Davis and her co-researchers used the findings to design five different combinations of food-growing and housing areas for peri-urban whenua. They shared these five designs with the survey participants and asked them to evaluate the pros and cons of each scenario. Participants were then asked to rank them, from most to least desirable. The most favoured scenario included a publicly accessible mixed-use greenbelt with food gardens, fruit trees, farmers markets and sports fields. The lowest-ranking scenario was farms connected by ‘corridors’ of high-density housing.
“What it boiled down to was they liked the fact that the greenbelt scenario was publicly accessible and offered multiple functions and benefits. So, it wasn't just housing or just food production. It was recreation, it was biodiversity and it was flood management. But their preference for this could also just be that they’re more familiar with the idea of greenbelts, so we’d need to do more research to pin down the why for preferring this.”
Residents and people who farm on the outskirts of Ōtautahi Christchurch were asked to rank five different peri-urban designs. The diagrams below show the findings of these rankings from least-preferred (5) to most-preferred (1). Use the arrows on the slideshow below to explore all five scenarios.
The purpose of the study is to help decision-makers, such as local councils and planners, think outside of ‘business as usual’ to provide food and housing in ways that benefits both urban and rural communities simultaneously.

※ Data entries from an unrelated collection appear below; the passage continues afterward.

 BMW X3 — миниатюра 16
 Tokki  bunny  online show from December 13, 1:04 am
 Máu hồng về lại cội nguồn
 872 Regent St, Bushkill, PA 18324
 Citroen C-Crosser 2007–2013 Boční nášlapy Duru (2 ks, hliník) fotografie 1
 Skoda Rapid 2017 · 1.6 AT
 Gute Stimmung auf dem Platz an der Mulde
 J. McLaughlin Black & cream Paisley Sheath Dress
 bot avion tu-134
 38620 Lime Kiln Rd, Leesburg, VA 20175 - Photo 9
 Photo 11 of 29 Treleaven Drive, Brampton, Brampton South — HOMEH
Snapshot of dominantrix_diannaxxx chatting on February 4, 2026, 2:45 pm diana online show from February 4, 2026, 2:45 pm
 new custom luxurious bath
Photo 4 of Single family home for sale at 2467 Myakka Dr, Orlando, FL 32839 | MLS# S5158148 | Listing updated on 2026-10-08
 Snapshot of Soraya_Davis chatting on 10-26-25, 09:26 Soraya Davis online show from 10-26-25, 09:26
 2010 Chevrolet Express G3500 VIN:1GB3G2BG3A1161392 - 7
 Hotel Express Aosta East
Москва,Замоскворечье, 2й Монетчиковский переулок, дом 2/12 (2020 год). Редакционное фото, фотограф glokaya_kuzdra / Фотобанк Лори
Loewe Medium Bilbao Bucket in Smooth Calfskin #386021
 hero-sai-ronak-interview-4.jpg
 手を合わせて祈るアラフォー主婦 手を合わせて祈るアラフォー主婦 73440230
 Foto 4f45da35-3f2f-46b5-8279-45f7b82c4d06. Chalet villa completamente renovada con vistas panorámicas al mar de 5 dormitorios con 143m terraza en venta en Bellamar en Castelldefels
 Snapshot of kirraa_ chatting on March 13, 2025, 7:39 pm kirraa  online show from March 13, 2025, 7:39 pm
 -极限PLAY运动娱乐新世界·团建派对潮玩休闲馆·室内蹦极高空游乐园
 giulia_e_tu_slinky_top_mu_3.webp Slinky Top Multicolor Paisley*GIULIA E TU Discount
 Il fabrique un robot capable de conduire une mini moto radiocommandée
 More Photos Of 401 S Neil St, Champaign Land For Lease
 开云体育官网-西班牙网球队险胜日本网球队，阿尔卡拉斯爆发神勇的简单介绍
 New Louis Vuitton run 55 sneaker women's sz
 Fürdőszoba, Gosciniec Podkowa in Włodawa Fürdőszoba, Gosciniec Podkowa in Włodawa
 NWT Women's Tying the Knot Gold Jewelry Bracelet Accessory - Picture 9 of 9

Davis also points out that mana whenua and other Māori communities have a lead role to play in asking ‘what does the land want to be?’ as part of future land-use research and planning for the peri-urban zone.
“Applying a Te Ao Māori lens will help ensure that communities, whenua and te taiao all thrive in our future peri-urban zones,” she says.
Davis says that she and her co-researchers intend to use this study’s findings to investigate the question “Can cities in Aotearoa New Zealand feed themselves?” as part of future research.
Urban residents’ access to food can make or break how resilient urban communities are in the face of severe weather, natural disasters and other major events. The researchers will be looking at foodsheds (an area supplying a specific city, town or community with food) as one way of keeping our nation well-fed during crises.